Shiveluch, the northernmost active volcano on Kamchatka, is
the second to erupt on the Pacific peninsula in two days. The
other volcano which has erupted recently is Bezymyanny, which
is about 62 miles from Shiveluch.
Experts said the outbursts are not linked as the volcanoes
belong to different magma chambers and their almost
simultaneous eruptions are a coincidence. About 450 minor
quakes were registered daily near a third volcano, Karymsky.

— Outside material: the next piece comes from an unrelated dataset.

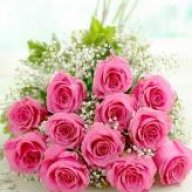 فراشه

Experts from the Moscow International Institute for Earthquake
Prediction and Computing Geophysics earlier said there was a
30% probability that an earthquake of more than 7.2 will hit
Kamchatka in December.
TROPICAL STORMS -
Map.
Projected storm paths .
None.
Cyclone Bondo - Two people were killed when the cyclone
hit the northern coast of Madagascar on Tuesday, before losing
strength as it moved towards the south of the island. "For the
moment, the risks are not too significant, but a new (tropical
depression weather) system is forming in the north" of
Madagascar.
HEAVY RAINS / FLOODING / LANDSLIDES
-
MALAYSIA's floods crisis worsened today with more
downpours that forced five relief centres to reopen in
southern Johor state.
Nearly 63,000 people have been forced to evacuate their
homes.
The death toll from the worst floods in decades stands at
eight. Electricity authorities shut down power to Kota Tinggi,
one of the worst-affected districts in Johor, as floodwaters
rose from 30cm to 60cm last night.
Major roads in the state remain closed. Crocodiles were
menacing flood victims and stealing chickens from backyard
coops, and pythons and cobras had also been spotted in
abandoned houses.
INDONESIA - Torrential rains caused mudslides and floods
in Indonesia's Aceh and North Sumatra provinces on Monday,
killing at least 87 people as tens of thousands of others fled
for higher ground.
Rescue crews reaching remote villages fear mass graves of
villagers buried under dirt, following a week of torrential
rains in the region.
Aerial views showed families trapped on the roofs of their
homes and many houses were completely submerged in
flood-ravaged parts of Sumatra.
A landslide Sunday night hit the remote highland
sub-district of Muara Sipongi in North Sumatra province, which
was struck by an earthquake a week ago. 27 of those who had
escaped the deadly earthquake but returned to their homes were
killed, and six remained missing when the landslide buried
dozens of houses on the Indonesian island of Sumatra.
"We have to stop evacuation efforts because it rained very
hard in the area. It is still raining now." Residents had
visited their homes after last week's quake despite warnings
that it was still dangerous.
The landslide was triggered by floods that over the past week
have killed at least 70 other people and displaced around
300,000 in Aceh and neighbouring North Sumatra.
Four people were killed and hundreds of homes damaged when the
earthquake hit Muara Sipongi on December 18.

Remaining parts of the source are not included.